A third of Americans think Trump won the national popular vote. They're wrong.

 

Andrew Couts

Tech

Posted on Dec 20, 2016   Updated on May 25, 2021, 8:42 am CDT

President-elect Donald Trump lost the popular vote to Democratic challenger Hillary Clinton by nearly 3 million votes, a historic margin.

Clinton won 65,844,610 votes nationally to Trump’s 62,979,636 votes, putting the former secretary of state ahead by more than 2.86 million votes, or 2.1 percent of the total national vote, according to the Cook Political Report’s final vote tally. Just over 7.8 million voters (5.7 percent) cast ballots for other candidates.

Trump, however, won where it mattered, earning 306 electoral votes to Clinton’s 232. Ultimately, both candidates ended up with fewer electoral votes than they won thanks to seven “faithless electors” who defected against the two leading candidates (two against Trump, five against Clinton). The Electoral College vote, which took place on Monday, gave Trump a total of 304 electoral votes to Clinton’s 227.

Overall turnout was up roughly 6 percent over 2012, with a total of 136,628,459 votes cast in 2016 compared to 129,075,630 in the previous presidential election. 
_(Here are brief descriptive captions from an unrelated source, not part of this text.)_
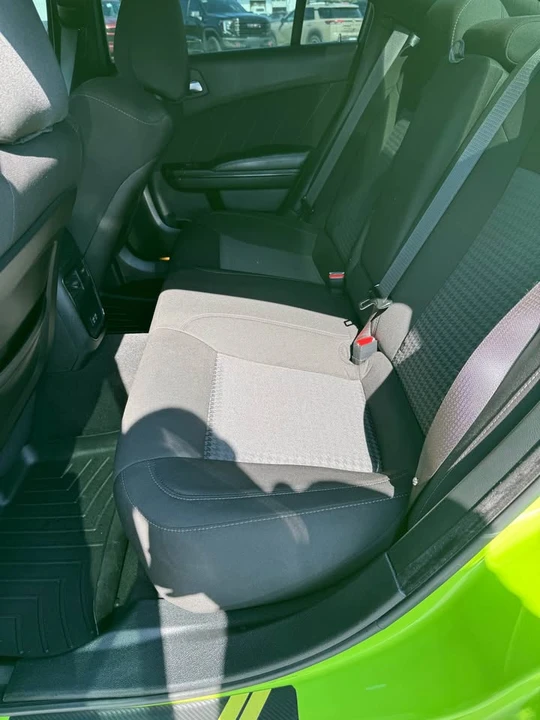2023 Dodge Charger 7th Gen - Image 15 of 15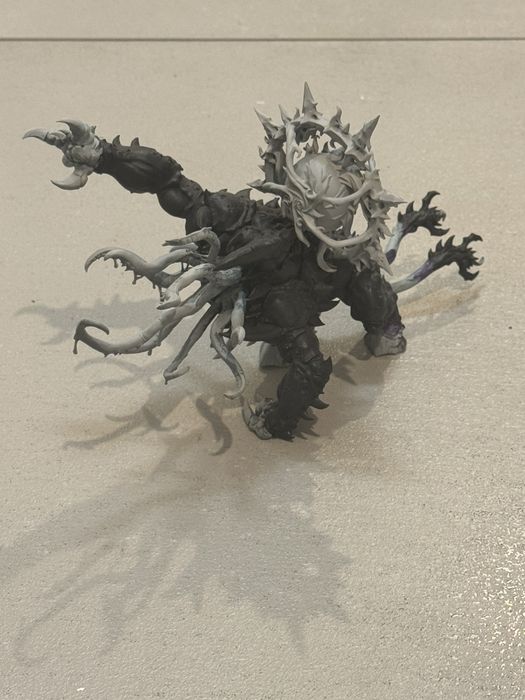 Mutalith Vortex beast - warhammer 40k - thousand sons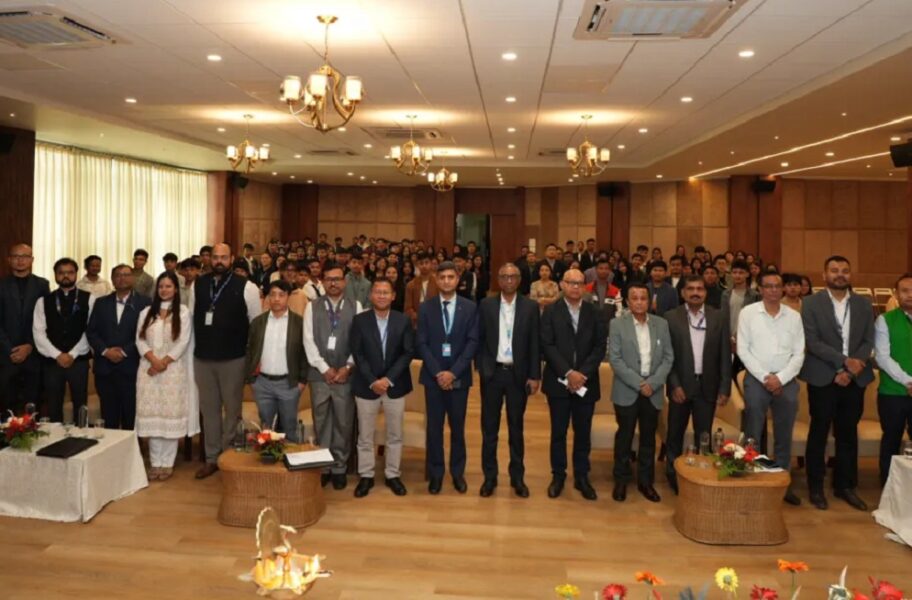 MSMEs drive Meghalaya's future, says RBI GM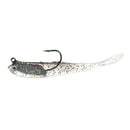 New 1pc 70mm 6g Sinking Lead Jig Head Fishing Lures Fish Bait Tackle Hook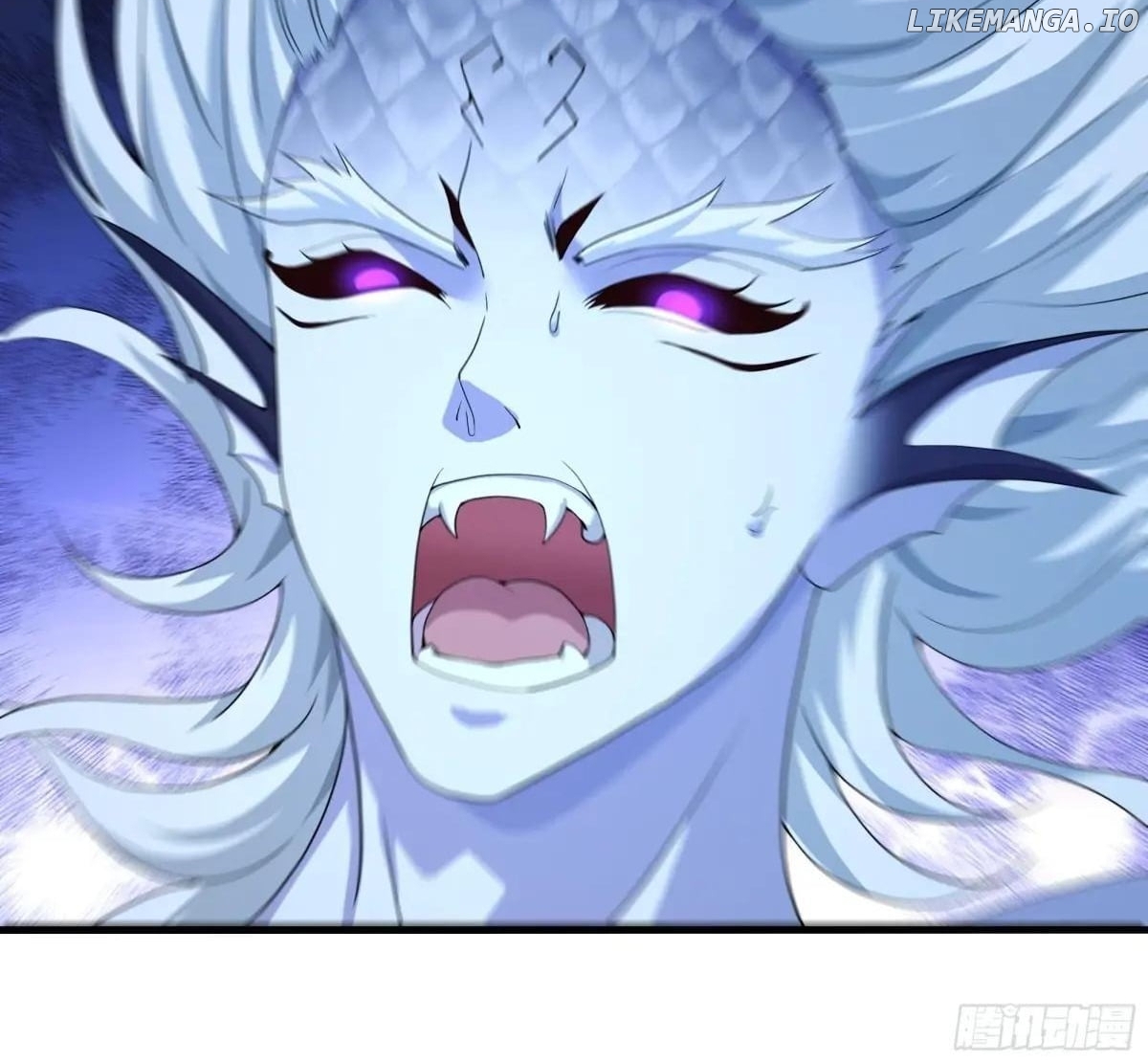 Read Rebirth of King Zhou_ Not Being the Ultimate Villain EN Manga Online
While Clinton led Trump in most polls leading up to Election Day, her lead diminished in the final weeks after FBI Director James Comey announced further investigation into emails related to Clinton’s use of a private email system during her time as secretary of state. The continued investigation found no evidence of wrongdoing. But the damage was done to Clinton’s campaign: She ultimately lost by just under 80,000 votes across Michigan, Pennsylvania, and Wisconsin—battleground states that have historically voted Democratic but this year swung to Trump.

Trump has attempted to convince people that Clinton’s popular vote lead was due to “millions of people who voted illegally.” That is false. Still, Trump’s claims are widely believed. According to a recent Pew Research survey, 29 percent of Americans (and 52 percent of Republican respondents) incorrectly believe Trump won the popular vote.

More recently, conservatives have argued that Clinton’s overwhelming win in California—she won by 30 percentage points in the state—is the only reason she won the popular vote. While that is true—if she hadn’t won California by a 4.3-million-vote margin over Trump, she would have lost the popular vote—it is also nearly as technically meaningless as the fact that Clinton won the national popular vote at all.